● AIM OF THE EXERCISE
Only the lines below between the ones containing "Calvin Klien Belts" and "Anime Game Honkai", inclusive, are to be reproduced, each exactly as it stands.

+===+

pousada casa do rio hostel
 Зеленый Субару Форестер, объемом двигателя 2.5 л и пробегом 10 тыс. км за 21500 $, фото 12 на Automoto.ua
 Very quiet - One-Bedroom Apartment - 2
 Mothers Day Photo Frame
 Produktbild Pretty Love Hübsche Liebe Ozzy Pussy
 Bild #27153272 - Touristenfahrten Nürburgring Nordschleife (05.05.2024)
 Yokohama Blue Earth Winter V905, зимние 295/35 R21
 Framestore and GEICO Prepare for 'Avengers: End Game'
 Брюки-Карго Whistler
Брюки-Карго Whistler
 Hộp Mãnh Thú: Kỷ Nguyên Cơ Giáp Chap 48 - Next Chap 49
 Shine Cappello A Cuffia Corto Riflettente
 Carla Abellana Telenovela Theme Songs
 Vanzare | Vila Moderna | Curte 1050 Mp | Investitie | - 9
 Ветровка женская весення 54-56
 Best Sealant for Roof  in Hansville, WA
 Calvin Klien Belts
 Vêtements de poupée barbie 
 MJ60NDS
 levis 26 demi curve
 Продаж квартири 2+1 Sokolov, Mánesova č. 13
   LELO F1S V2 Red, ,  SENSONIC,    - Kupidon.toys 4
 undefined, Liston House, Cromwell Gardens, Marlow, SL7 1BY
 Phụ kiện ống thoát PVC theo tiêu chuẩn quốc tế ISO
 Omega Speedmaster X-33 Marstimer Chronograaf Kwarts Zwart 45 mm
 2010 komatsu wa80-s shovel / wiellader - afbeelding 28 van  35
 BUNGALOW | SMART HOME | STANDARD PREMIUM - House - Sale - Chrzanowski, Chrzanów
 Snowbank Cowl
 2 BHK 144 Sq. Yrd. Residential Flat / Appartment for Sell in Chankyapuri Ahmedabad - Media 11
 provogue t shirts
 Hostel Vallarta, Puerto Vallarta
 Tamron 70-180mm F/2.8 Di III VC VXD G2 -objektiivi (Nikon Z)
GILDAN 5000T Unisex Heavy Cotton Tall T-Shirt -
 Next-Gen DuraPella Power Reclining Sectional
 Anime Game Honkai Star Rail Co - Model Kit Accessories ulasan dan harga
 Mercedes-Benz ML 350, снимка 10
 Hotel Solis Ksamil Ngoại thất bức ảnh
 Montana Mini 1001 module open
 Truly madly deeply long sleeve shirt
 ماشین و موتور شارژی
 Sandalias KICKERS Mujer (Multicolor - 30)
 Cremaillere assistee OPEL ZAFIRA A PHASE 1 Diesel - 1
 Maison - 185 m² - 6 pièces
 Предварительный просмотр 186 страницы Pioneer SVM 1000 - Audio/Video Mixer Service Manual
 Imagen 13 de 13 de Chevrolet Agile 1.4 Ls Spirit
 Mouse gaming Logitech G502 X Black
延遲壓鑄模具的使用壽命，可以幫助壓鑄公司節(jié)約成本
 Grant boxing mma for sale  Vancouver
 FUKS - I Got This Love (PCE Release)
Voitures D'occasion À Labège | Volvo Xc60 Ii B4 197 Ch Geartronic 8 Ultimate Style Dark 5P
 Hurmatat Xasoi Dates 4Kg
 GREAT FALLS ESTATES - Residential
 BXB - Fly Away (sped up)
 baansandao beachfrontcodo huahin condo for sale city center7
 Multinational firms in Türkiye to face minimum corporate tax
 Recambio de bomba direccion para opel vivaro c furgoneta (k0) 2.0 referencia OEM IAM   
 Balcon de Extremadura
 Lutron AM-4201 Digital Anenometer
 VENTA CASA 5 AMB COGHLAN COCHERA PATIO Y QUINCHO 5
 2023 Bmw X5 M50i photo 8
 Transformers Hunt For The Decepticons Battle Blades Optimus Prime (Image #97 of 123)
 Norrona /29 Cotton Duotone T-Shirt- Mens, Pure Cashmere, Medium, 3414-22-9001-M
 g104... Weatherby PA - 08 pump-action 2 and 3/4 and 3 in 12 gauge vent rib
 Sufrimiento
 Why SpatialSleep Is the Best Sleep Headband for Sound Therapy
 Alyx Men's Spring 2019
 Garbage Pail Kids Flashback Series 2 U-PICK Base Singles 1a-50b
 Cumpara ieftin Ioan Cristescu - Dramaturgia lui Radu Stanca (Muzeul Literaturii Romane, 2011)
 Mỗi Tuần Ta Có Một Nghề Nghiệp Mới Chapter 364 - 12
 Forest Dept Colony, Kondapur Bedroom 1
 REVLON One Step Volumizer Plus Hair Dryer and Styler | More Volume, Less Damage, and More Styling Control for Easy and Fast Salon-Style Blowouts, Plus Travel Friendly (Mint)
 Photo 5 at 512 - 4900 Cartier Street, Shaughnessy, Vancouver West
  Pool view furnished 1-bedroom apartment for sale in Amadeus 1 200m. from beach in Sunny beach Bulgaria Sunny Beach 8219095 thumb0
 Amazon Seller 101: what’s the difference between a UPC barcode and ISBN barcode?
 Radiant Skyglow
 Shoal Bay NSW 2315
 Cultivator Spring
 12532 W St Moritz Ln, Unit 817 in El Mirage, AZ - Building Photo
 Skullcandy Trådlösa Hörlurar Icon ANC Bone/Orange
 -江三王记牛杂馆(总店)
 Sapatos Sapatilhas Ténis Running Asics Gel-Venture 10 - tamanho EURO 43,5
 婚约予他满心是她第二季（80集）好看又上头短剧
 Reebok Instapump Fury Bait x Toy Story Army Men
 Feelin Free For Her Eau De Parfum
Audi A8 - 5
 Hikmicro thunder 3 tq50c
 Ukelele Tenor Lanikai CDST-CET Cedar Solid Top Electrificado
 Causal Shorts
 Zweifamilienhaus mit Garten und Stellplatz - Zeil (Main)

+===+

● EXERCISE SOLUTION
 Calvin Klien Belts
 Vêtements de poupée barbie 
 MJ60NDS
 levis 26 demi curve
 Продаж квартири 2+1 Sokolov, Mánesova č. 13
   LELO F1S V2 Red, ,  SENSONIC,    - Kupidon.toys 4
 undefined, Liston House, Cromwell Gardens, Marlow, SL7 1BY
 Phụ kiện ống thoát PVC theo tiêu chuẩn quốc tế ISO
 Omega Speedmaster X-33 Marstimer Chronograaf Kwarts Zwart 45 mm
 2010 komatsu wa80-s shovel / wiellader - afbeelding 28 van  35
 BUNGALOW | SMART HOME | STANDARD PREMIUM - House - Sale - Chrzanowski, Chrzanów
 Snowbank Cowl
 2 BHK 144 Sq. Yrd. Residential Flat / Appartment for Sell in Chankyapuri Ahmedabad - Media 11
 provogue t shirts
 Hostel Vallarta, Puerto Vallarta
 Tamron 70-180mm F/2.8 Di III VC VXD G2 -objektiivi (Nikon Z)
GILDAN 5000T Unisex Heavy Cotton Tall T-Shirt -
 Next-Gen DuraPella Power Reclining Sectional
 Anime Game Honkai Star Rail Co - Model Kit Accessories ulasan dan harga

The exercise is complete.